We’re new. We put it in our name. When we stop looking ahead, remove the internal organs and inject formaldehyde; we’ll be dead. And yet a time comes when even a New Yorker realizes that, simply by staying put, in this world and in one spot, he has seen places that have vanished, and known people that no one can ever meet. Everyone is a historian, every life is a city.
Some things are better off gone. In Union Square today, farmers sell rutabagas, dogs run, guys fall off skateboards. They wouldn’t have dreamed of it 30 years ago. The lawn was dirt then, hollow-eyed muttering men offered “smokes,” the only diversions were occasional rallies of the Communist party. The infamy of the park was worldwide; my trainer remembers, from his youth in the islands, rap songs about Union Square and what went down there, all of it exciting, none of it good.
Buildings last longer than milkweeds, about as long as trees. Three blocks from where I live there was a movie theater so old the nomenclature had not yet congealed when it was built. PHOTO PLAYS, said the spindly neon sign. You can follow the thought process of the new-media merchant: I am showing photographs, but the series of them tells a story. Next door stood a mission, a simple brick building that always had some ad for Christ posted on its message board. By the time I moved in, the photo plays all told one kind of story, porn; then the theater became an actual play house, losing in the process its ancient sign. The mission remained faithful, until both buildings fell to the last real-estate boom.
Peoples and their neighborhoods have struck their tents, and moved on. A portion of the Upper East Side still showed traces of the German diaspora as late as the Koch years. It was there I first tasted May wine, a double fake: sweet from the sugar, hard from the brandy. The Germans also liked whimsical marzipan, molded into tiny fruits, hams, and red-spotted mushrooms, to distract your palate from the fact that it all tasted like erasers.
The Jews have abandoned the Lower East Side, leaving their synagogues behind them to be converted into Hispanic Pentecostal churches. One of the last businesses to hang on was a lingerie shop at the bottom of a street of clothing stores. A high narrow space, it had heaped-up counters in the center of the floor, but most of the stock was stored in flat boxes, from the manufacturers, ranged on towering shelves. The owner had the dream job of every twelve-year-old boy; he could tell a woman’s bra size by glancing at her, and pluck down the appropriate sheath. After the shop closed, my wife got a letter saying that he was now selling insurance. She would rather we had bailed out his first business.
Ethnicities move away; when people move on, they go farther than Jersey. The old journalist was, like all of us, an ideologue, but he loved losers and irony; his heart often and his wit always warred with his opinions. He looked like a crane, the symbol of longevity, and his stance was alert, as if he was ever ready to perform a service. He loved anecdotage, talk freeing him from the Chinese boxes into which he packed his written words more and more tightly. When he began writing, the city had eight or nine daily papers. The difference between respectable and not-respectable newspapers, he explained, was that the readers of not-respectable newspapers would send you letters saying, “Sir: You are the servant of Jews and Negroes. AN AMERICAN” while the readers of respectable newspapers would send you letters saying, “Sir: You are the servant of Jews and Negroes. Roger F. Rogers, 33-62 47th Ave., Elmhurst.” Everyone honored him; he’s been dead for eleven years. Only one of his books is still in print.

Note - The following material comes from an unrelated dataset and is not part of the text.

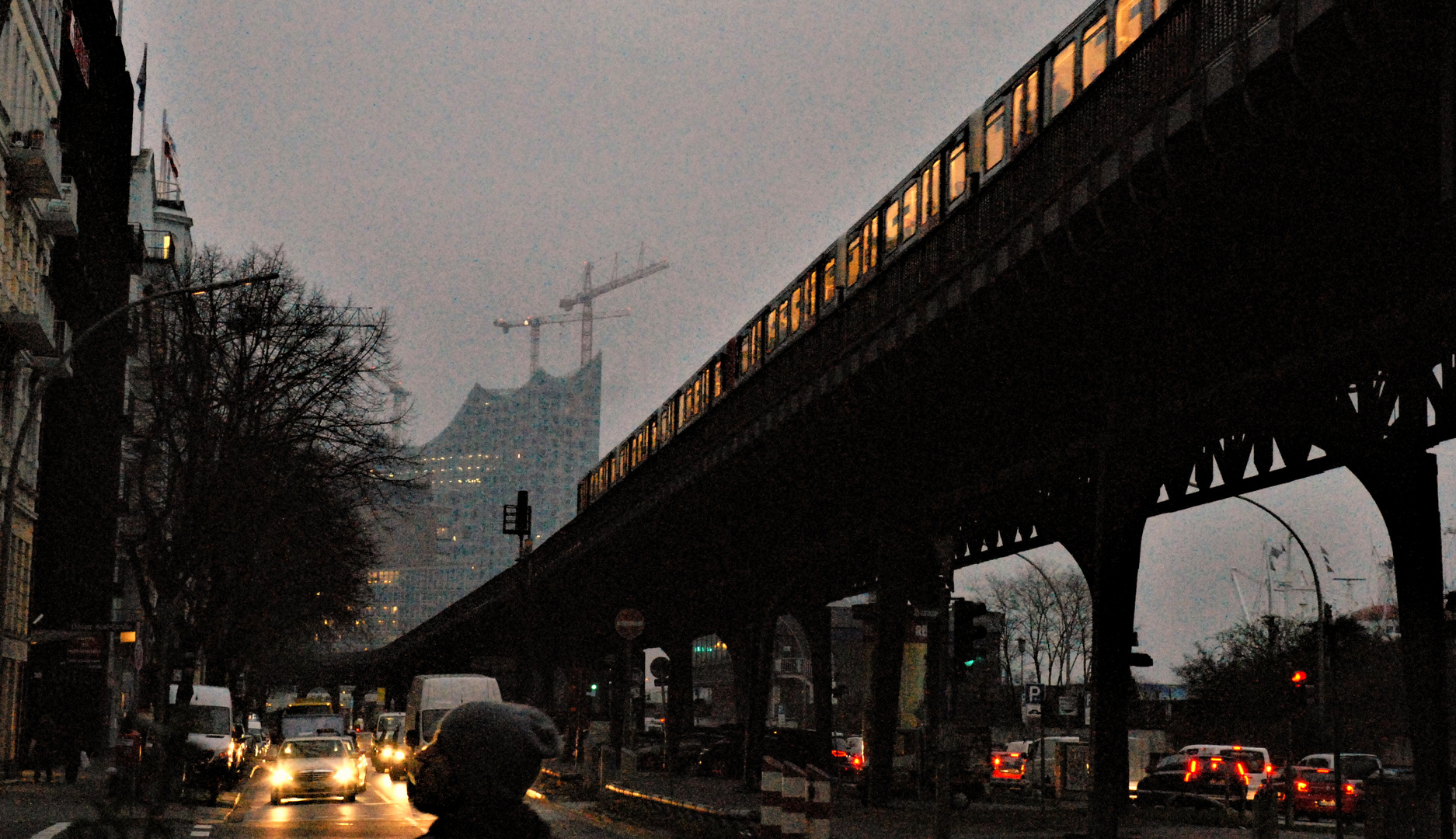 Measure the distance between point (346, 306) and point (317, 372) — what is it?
2.13 metres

The restaurateur built his business from a hole in the wall to a class act. Every meal was a production. While the maitre d’ took orders and armies of waiters shuffled plates and cutlery, he explained his entrees, listed on the menu in a private code, opaque and slightly erotic (Nightgown, Boom-Boom). Dessert was the climax, when a harem of lovelies would be rolled out on a cart. He had Italian mannerisms of a very old-fashioned sort, before cool gangsters or the Rat Pack. When he died, his obit said that he had had a considerable career recording humorous ethnic songs for the Italian-American market. Who knew? (Smile, shrug, spread hands.) The maitre d’carried on a while; a few months ago I heard the place closed.

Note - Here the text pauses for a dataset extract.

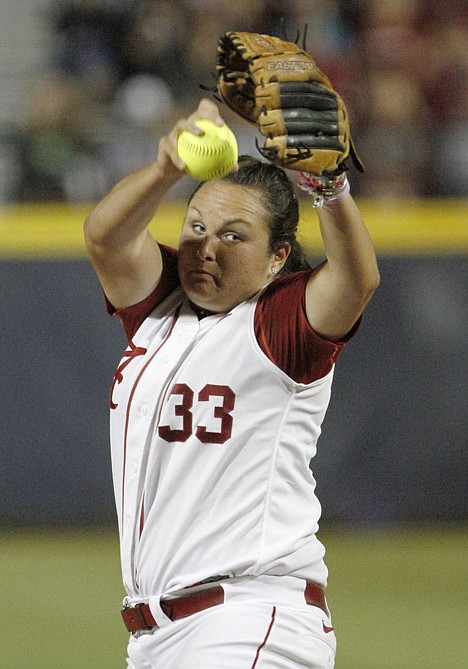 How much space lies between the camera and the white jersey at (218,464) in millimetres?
2625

Then there was the ringmaster. He did a million things, but his role peculiar to New York was to bring people together. He was always introducing you to Henry Kissinger, or to some college kid whose writing he liked, or to some beer or wine club. What other people could do was a bottomless source of fascination to him, and therefore, he assumed, to you. He hosted a thousand suppers in his stage set of an apartment, making all his guests sing for theirs, rapping his wine glass to direct our attention to the newest pearl. After he died, some of the regulars got invited to a last evening, a kind of wake. But it turned out to be a staging for the realtor; we were re-enactors, like the blue and the grey refighting Chancellorsville. There was a goody bag at the end, commerce imitating life and the art of hospitality together. In 20 years brokers will show holograms.
Among all the people who are gone is you, with ambitions and prejudices and Seventies hair, with less knowledge and fewer sins. Someone of the same name keeps that man’s place, pretends to answer for him now and then, whenever people want some odd particular glimpse of the past.